SUPPLIED RECORDS =

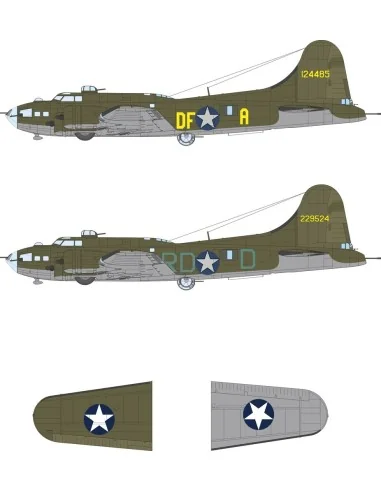 B-17F US national insignia & code letters for Revell, 1/48 - Eduard...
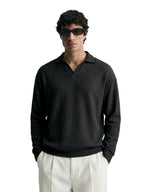 The Indian Garage Co Mens Oversized Textured Full Sleeves Sweater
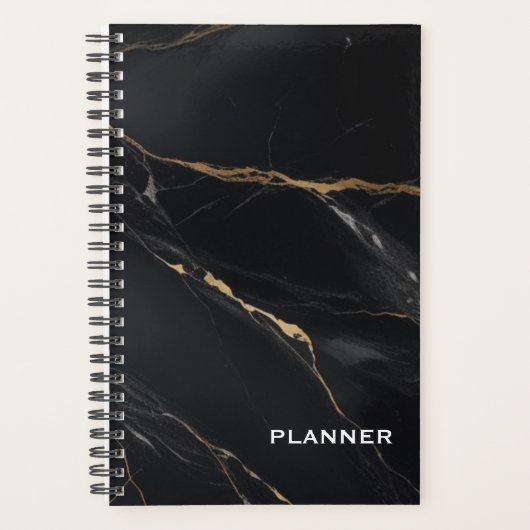 BLACK MARBLE PLANNER PLANER (Vorderseite)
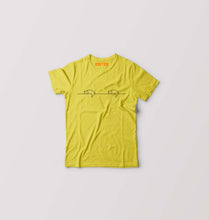 Load image into Gallery viewer, Cat Kids T-Shirt for Boy/Girl-Mustard Yellow-Ektarfa.online
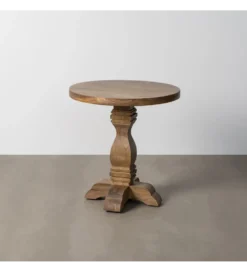Stół BENAM 65 cm drewno mango naturalny
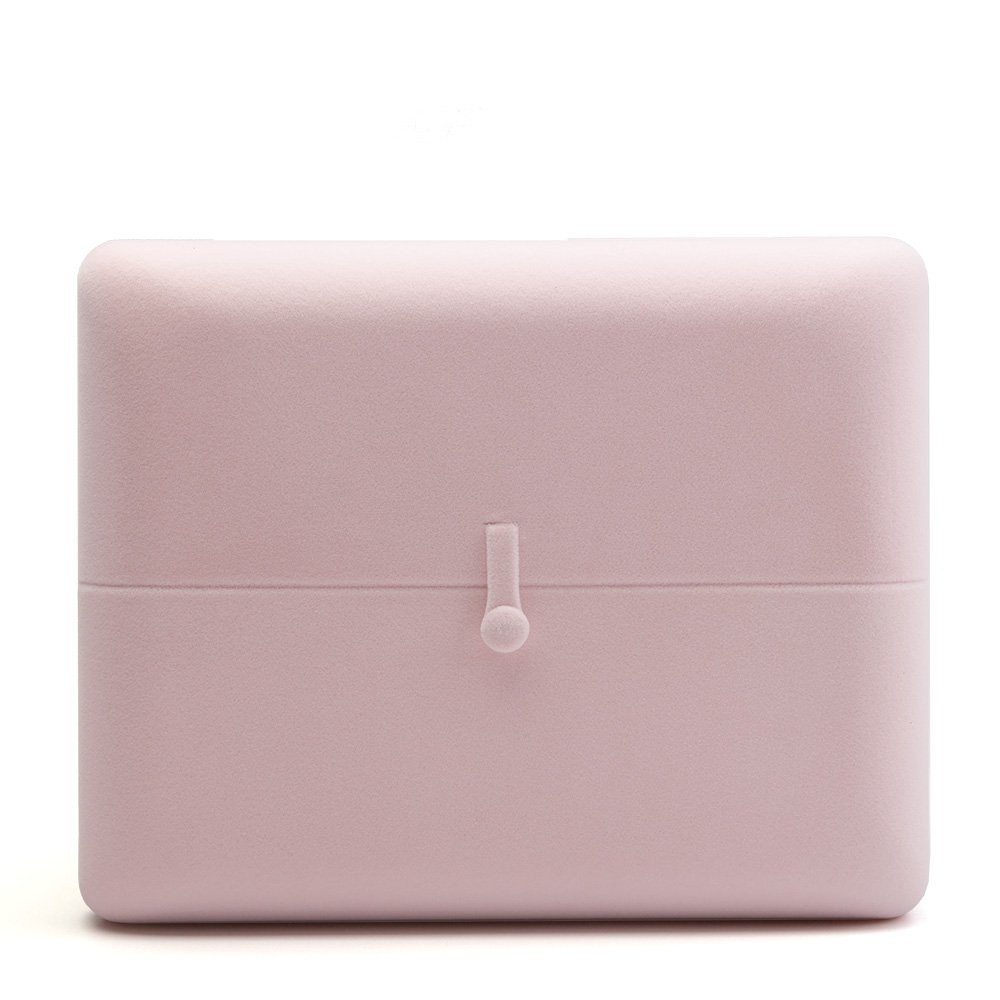 Oirlv Rosa Velluto Gioielli Scatola Porta Gioielli Display Storage Case Jewelry Gift Box, Velluto, Pink, Large Necklace
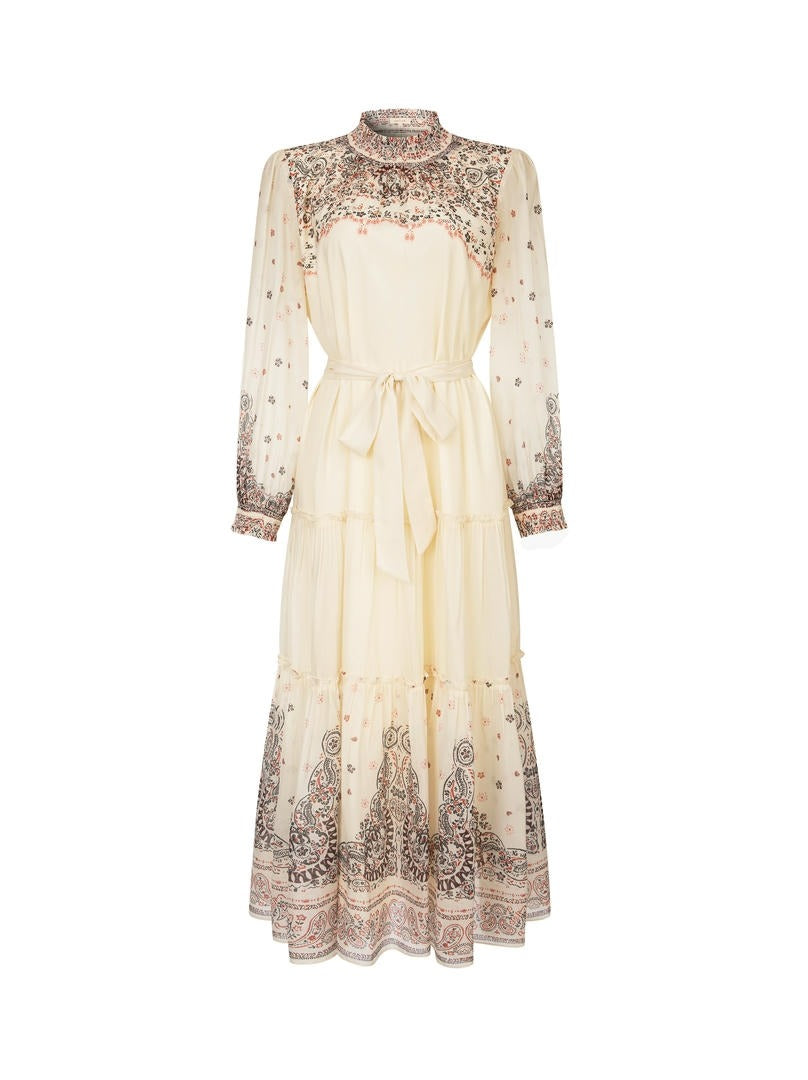 Placement Print Dress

BRIEF = With the pictures removed, return all the entries exactly.

FINISHED EXERCISE =
 B-17F US national insignia & code letters for Revell, 1/48 - Eduard...
 The Indian Garage Co Mens Oversized Textured Full Sleeves Sweater
 BLACK MARBLE PLANNER PLANER (Vorderseite)
 Load image into Gallery viewer, Cat Kids T-Shirt for Boy/Girl-Mustard Yellow-Ektarfa.online
Stół BENAM 65 cm drewno mango naturalny
 Oirlv Rosa Velluto Gioielli Scatola Porta Gioielli Display Storage Case Jewelry Gift Box, Velluto, Pink, Large Necklace
 Placement Print Dress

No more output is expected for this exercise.